TIBÉRIO

Cheguei em casa por volta do meio-dia e meia. Atirei sobre o sofá da sala a minha pasta com o material escolar e comecei a subir a escada em direção ao meu quarto. Mal havia subido uns cinco degraus e ouvi, vinda da cozinha, a voz de minha mãe:

– Ricardo, é você meu filho?

E quem mais poderia ser àquela hora?
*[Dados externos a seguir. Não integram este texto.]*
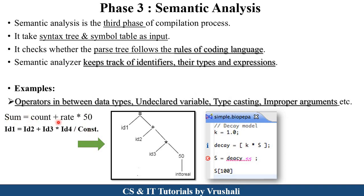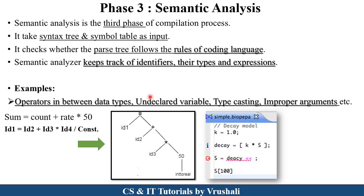For example, with sum equal to count plus rate into 50: if sum, count, and rate are float type variables, then the constant 50 is converted from integer to float — this is called type casting. Another example: if an unknown operator like a left shift operator is present where it shouldn't be, that is also a semantic error. Semantic analysis checks identifiers and their types, whether operators are properly present, undeclared variables, type casting, and improper arguments — these are all examples of semantic analysis errors.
Meu pai estava no trabalho e só retornaria para casa depois das seis da tarde, minha irmã Izildinha estava na casa de minha tia Ana.

– Troque logo de roupa que já vou servir o almoço – continuou ela como se eu estivesse em sua presença.

– Um minuto só, mamãe – respondi maquinalmente.

Entrei no quarto e me dirigi de imediato à janela que dava para a rua.

Lá fora uma quantidade considerável de pessoas caminhava pela calçada. Aquele era o horário em que muitas delas deixavam os locais de trabalho e iam para casa almoçar. Debrucei-me no parapeito da janela e estiquei o pescoço na tentativa de avistar quem eu esperava encontrar.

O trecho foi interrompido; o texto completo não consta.